We demonstrate these tools by examining the results for overall mortality. The goal is to identify which patients have the biggest impact on the estimates of the ETT, and perhaps are those most sensitive to any differences in practice at these clinics. To do so, we calculated “counterfactual” residuals for each observation among those in the S = large clinics: Y—predicted(Y | S = small, C), or the difference of the observed outcome and that predicted according to the resulting model had the C stayed the same, but the clinic size switched from its observed value to “small.” Positive residuals identify those subjects who have an estimated increase in outcome possibly due to hospital-volume, while those with negative values display the opposite. One could group or cluster the patients in various ways to examine if there are some patients that appear to have been more affected by going to a small versus large-volume hospital. We did so by ordering the patients using their predicted probability of death based on our SL model; this results in a meaningful ranking of patients from those are lower to higher risk of the outcome based upon the constellation of clinical and demographic factors. Specifically, a loess smooth of these residuals versus simply their predicted outcome (in this case, predicted(Y | S = large, C)) was examined. This allows one to estimate the difference in mortality due to volume versus patients on a scale from lower to higher estimated risk of death. We repeat the converse of this for subjects from smaller sites. The full results are presented in S1 and S2 Figs, for binary and continuous outcomes, respectively, while Fig 1 displays a subset of the results contained in S1 Fig.

Fig 1. “Counterfactual” residual plot for binary outcomes.

Residuals (see Diagnostics) for each outcome were plotted against probabilities of overall mortality for large (dotted line) and small-volume (solid line) site patients for binary outcomes using loess smooths.

The top inset of Fig 1 gives schematics for what these plots might look like under three scenarios: 1) there is no difference in the estimated ETT for the outcome (two horizontal lines close to the null line of 0), 2) there is a significant difference, but all patients are affected equally (two horizontal lines away from the null line), and 3) some patients (in this case, patients at a higher risk of death) are more affected by whether they end up at a large versus small volume hospital. For those outcomes where the estimate of ETT was close to the null, both the large and small volume hospital curves are near the null line at 0 (e.g., complications). For overall mortality, among those individuals in smaller hospitals, those with greater estimated probability of overall mortality appear to contribute the most to the estimate of greater increase in mortality among smaller sites, though this difference gets smaller for the most severe (highest probability of death) patients. Though it is not appropriate to reference the 95% confidence bands as reliable inference (given this is post-hoc), these exploratory plots provide a way to decompose the estimated differences seen in Table 2.

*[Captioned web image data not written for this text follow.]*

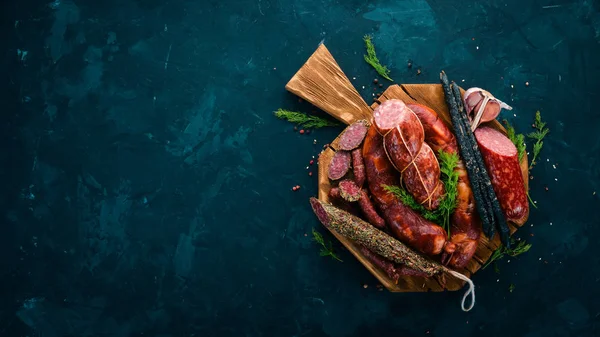 Salsicha Fuet Salame Cartão Tabuleiro Cozinha Num Fundo Preto Vista — Fotografia de Stock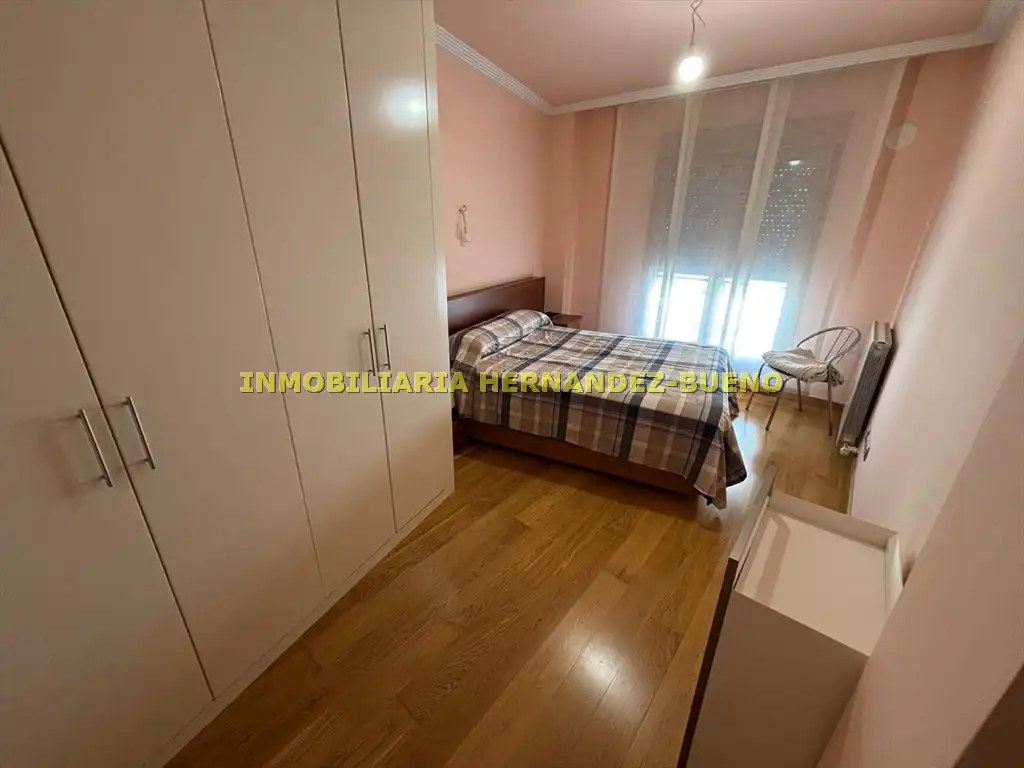 Bedroom of Flat for sale in Salamanca  with Air Conditioner and Heating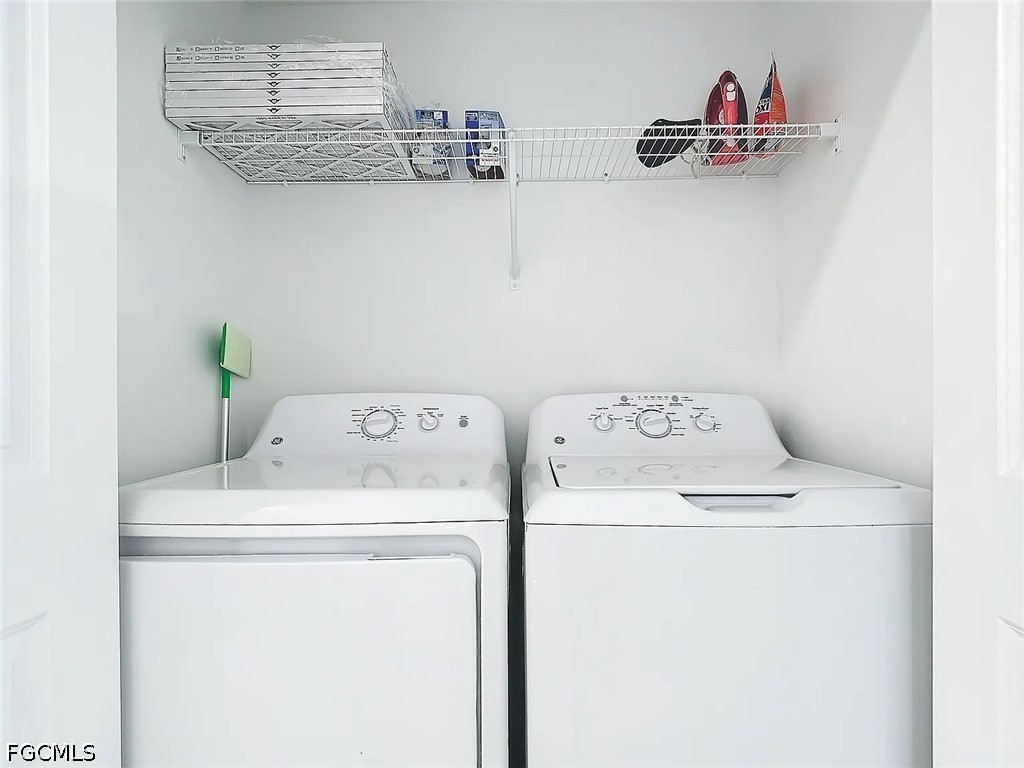 2 Bed Condominium for Sale in Babcock National, photo 14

In order to characterize the individuals whose mortality would have been most affected by a site type change, we compared patients on either side of the point at which the loess curves started to diverge from 0, an area highlighted in blue in S4 Fig. This identified 148 individuals with negative residuals (survived) and 68 with positive residuals (died) who were treated at a large volume site and were estimated to be most affected by a theoretical change from a small to large volume site. These patients were then compared to the remaining large volume site patients in the white area of S4 Fig —those on whom the site volume appeared to have, on average, less of an impact. Patients who were estimated to be most affected by the site change were significantly more likely to be Black, had higher blunt injury rates, were more severely injured, and were further from consciousness (S1 Table). They also had significantly longer partial thromboplastin times, more severe base deficits, smaller INRs, and lower platelet counts (S1 Table). They were more likely to experience multiple organ failure and had higher transfusion rates, as well as lower rates of transfused red blood cells relative to other blood products (S2 Table).

To further illuminate which types of patients were driving the estimated difference due to hospital volume, we constructed a histogram of counterfactual predicted probabilities of mortality, by site (S3 Fig). Patients from all sites span the entire range of probabilities, suggesting that the curves fit to the residuals (Fig 1, S1 and S2 Figs) are not driven by only a few individuals.

Propensity Score Matching Follow-up

In addition to the supplementary analysis on the subset of patients whose mortality probabilities were estimated to be most impacted by a site type change, we explored the matched data set generated by the propensity score procedure to determine whether the procedure achieved balance in the covariates in the large versus small volume comparisons. The heatmap in Fig 2 is a visualization of the entire matched data set where the data have been scaled to be comparable across different variables. This procedure provides an exploration of the joint distribution of variables across individuals to see if balance was achieved across the multivariate distribution of adjustment variables. If the matching had not been successful, we would expect to see clusters of individuals corresponding to groupings based on the hospital volume (large versus small). While we see distinct clusters of individuals based on their covariate values, this appears not to coincide with being in a large versus small volume site, suggesting that reasonable balance in the covariates (via propensity score matching) occurred.

Fig 2. Heatmap of matched data set with hierarchical clustering.

A visualization of the scaled covariate values in the matched data set with hierarchical clustering of the individual revealed little clustering of the individuals by site type, indicated in the bar on the left, suggesting that balance in the covariates was achieved. The dendrogram on the right is the result of hierarchical clustering of the individuals based on their covariate values. The color bar on the left indicates the site size where each individual was treated (purple corresponds to small-volume sites and blue to large-volume sites).


We here provide a general method for the objective comparison of the patient outcomes at different clinical sites using a parameter motivated by the causal inference literature and making use of potentially automatable, machine-learning techniques for data-adaptive estimation. Our data indicates that there are significant differences in outcomes based on the size of the site at which a patient was treated. Treated in this manner the data suggests a mortality benefit for those who were treated at centers that had the largest numbers of massively transfused patients. Interestingly we show here that this difference arose primarily in patients in the middle of the “prognostic” severity scale, that is, patients that neither had very low or very high estimated probability of death based on baseline factors. Further exploration within this moderately injured group of patients revealed both higher estimated probabilities of mortality and lower estimated probabilities of being massively transfused if they had been treated at small-volume sites (as opposed to large-volume sites), which supported the hypothesis that transfusion practices could be driving this observed mortality benefit. We subsequently found that the large-volume patients who would have been most affected by being treated at a small-volume site were indeed bleeding more and were generally worse off than their comparison group, which could indicate a need for more aggressive and balanced transfusion practices.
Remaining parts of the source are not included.